Flagship Ferrari models are few and far between as we've only had a handful since the iconic 250 GTO. There was the 288 GTO, followed by the F40, F50, Enzo, and the LaFerrari. On March 5, the latter will celebrate its 10th anniversary since the official debut, so it's no wonder a replacement is on the way. A test mule was recently caught, so we've decided to use our crystal ball and see into the future of the next range-topping prancing horse.

Much like the LaFerrari test mule was a mishmash of parts from other models, its replacement looked weird since it borrowed components from existing vehicles. For example, the headlights came from the 296 GTB while the taillights were borrowed from the SF90 Stradale. The front air intakes resembled those of the Enzo and the giant rear wing looked out of place. Consequently, our rendering is mostly speculative since Ferrari is hiding the design of its new hypercar.

2025 Ferrari hypercar rendering by Motor1.com

The car's design is not the only piece of the puzzle we're missing as the powertrain is also a mystery. It'll definitely be a hybrid but it is believed the V12 is going away. The last time a Ferrari range topper didn't have a twelve-cylinder engine was during the F40 era (late 1980s and early 1990s). The prototype caught on camera seemingly didn't sound like it had a V12, so don't be too surprised if the LaFerrari replacement has been bitten by the downsizing bug.
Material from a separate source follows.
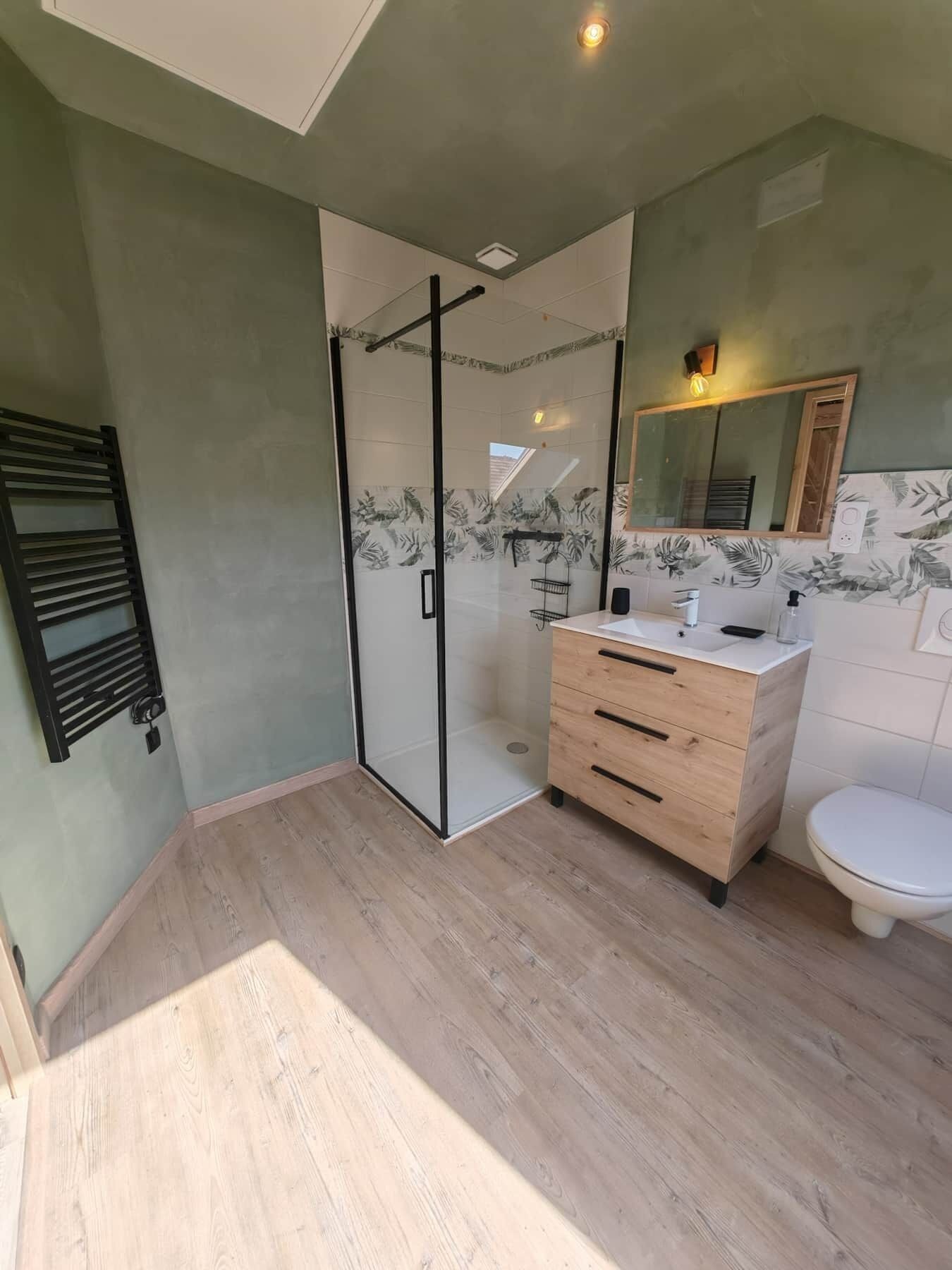 Un baño moderno con cabina de ducha de vidrio, tocador de madera y inodoro blanco.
If that's the case, expect the hybrid setup to be based around the 4.0-litre V8 of the SF90 Stradale or the 3.0-litre V6 powering the 296 GTB. For what it's worth, the 499P race car developed for endurance racing has a twin-turbo V6 adapted from the 296 GT3. Even if it'll lose half of the cylinders compared to the LaFerrari, the new Italian beast should still make over 1,000 bhp. In fact, the Vision Gran Turismo has been envisaged as a V6 hybrid with four-digit hp.

Of course, enthusiasts are hoping for a final V12 hypercar from Maranello. Even if they won't get it, the 812 Superfast successor is still going to have a dozen of cylinders and more than 819 bhp. In addition, the new Purosangue SUV is V12-only for the time being, so Ferrari isn't giving up on its largest engine just yet.

Having just spotted an early test mule, an official reveal isn't happening anytime soon. Rumour has it Ferrari will show the car behind closed doors to potential buyers before the end of the year. The rest of us will probably have to wait until later in 2024. Allegedly codenamed "F250," the new hypercar could be limited to 828 units: 599 coupes, 199 convertibles, and 30 XX units.

Production of the coupe is apparently slated to commence in October 2024, followed by the XX in July 2026 and the Spider in October 2027. The last car will be assembled at some point in 2030.